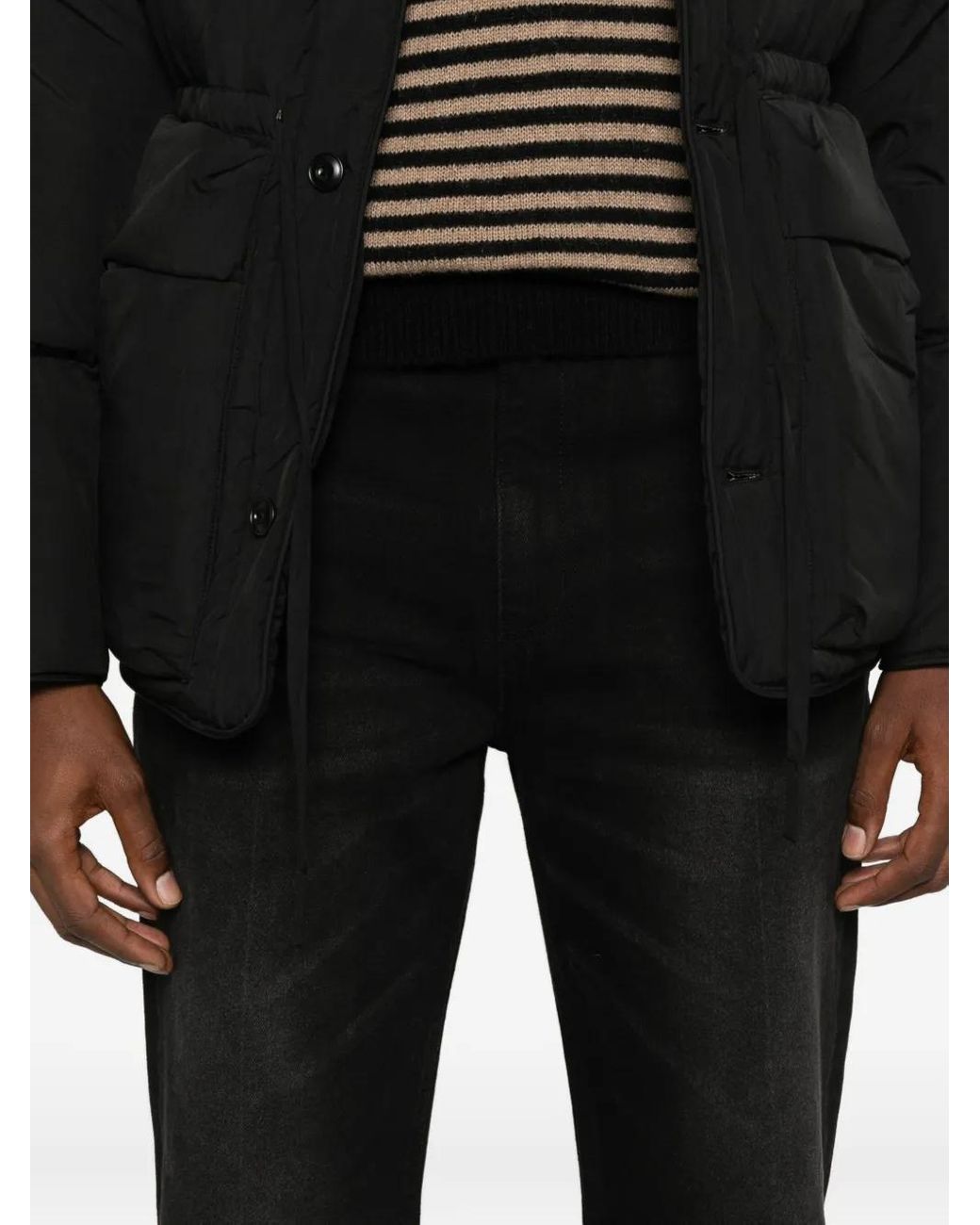 TONYWACK Black Faded-Effect Jeans for men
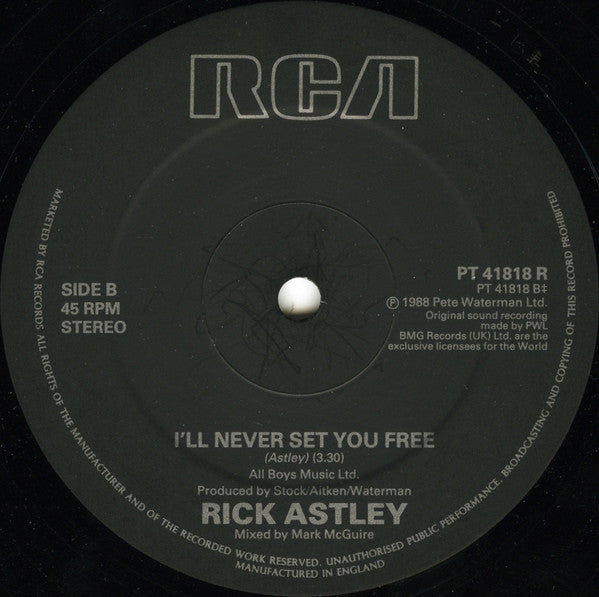 Rick Astley : Together Forever (House Of Love Mix) (12")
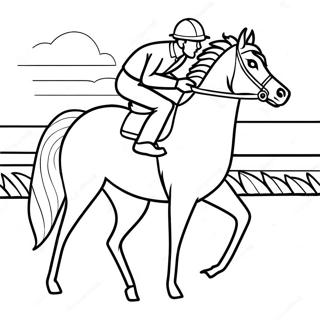 Kentucky Derby Horse Racing Coloring Page 28184-22595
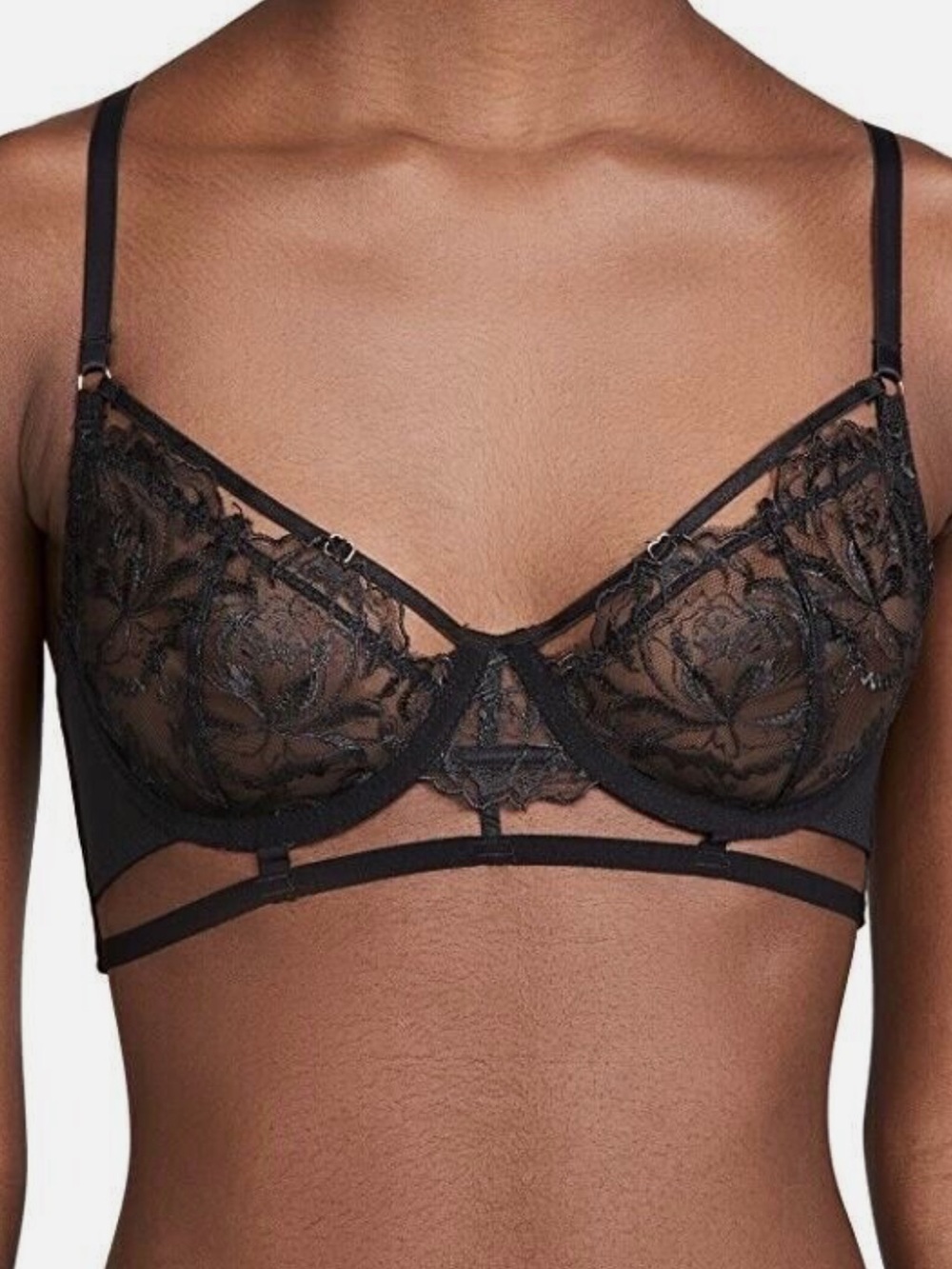 Bluebella Lali Caged Sheer Black Lace Bra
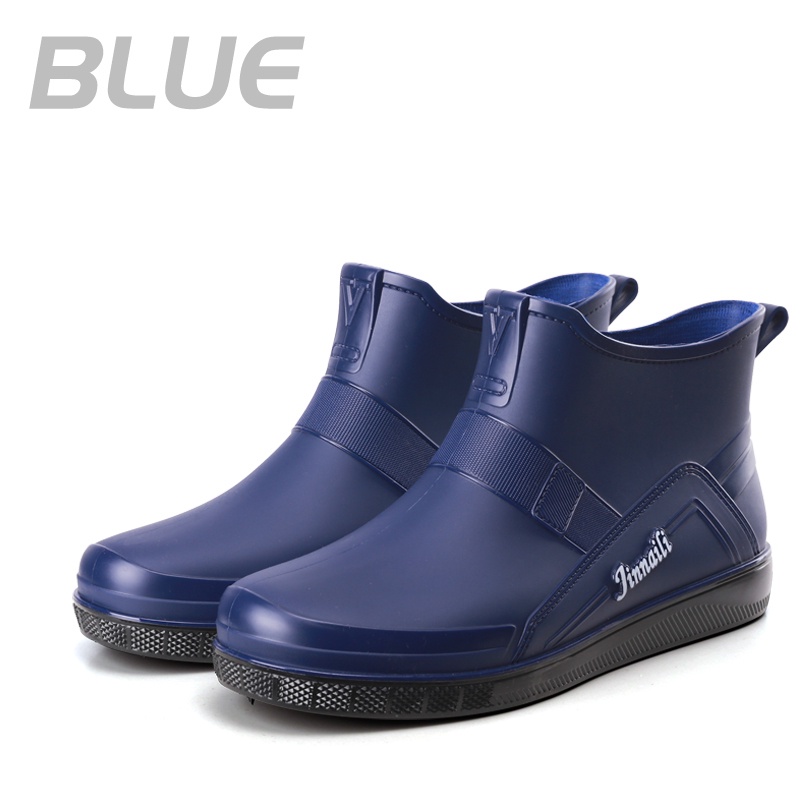READY STOK Rain Boots Waterproof Non-slip Men Fashion Rain Shoes Bota ...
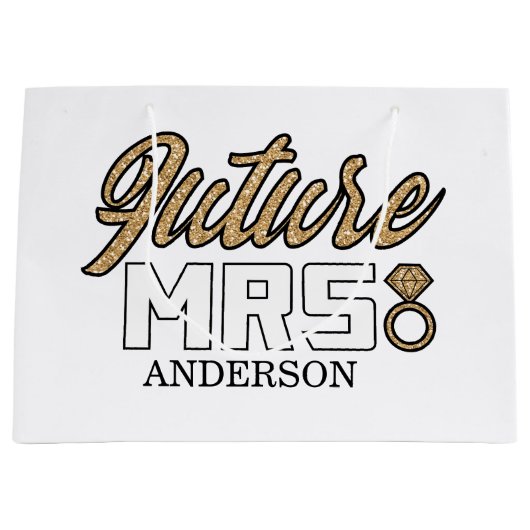 Future Mrs Large Gift Bag Groot Cadeauzakje (Voorkant)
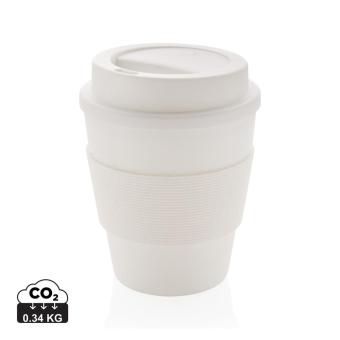 XD Collection Reusable Coffee cup with screw lid 350ml White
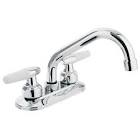 MEZCLADORA 4' PARA LAVABO, CUELLO TUBULAR, MANERALES CONO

------------------------------------------------

= Task directions =
With every picture left out, print exactly the lines from the one containing "READY STOK Rain" through the final line of the material above.

= The completed task =
READY STOK Rain Boots Waterproof Non-slip Men Fashion Rain Shoes Bota ...
 Future Mrs Large Gift Bag Groot Cadeauzakje (Voorkant)
 XD Collection Reusable Coffee cup with screw lid 350ml White
 MEZCLADORA 4' PARA LAVABO, CUELLO TUBULAR, MANERALES CONO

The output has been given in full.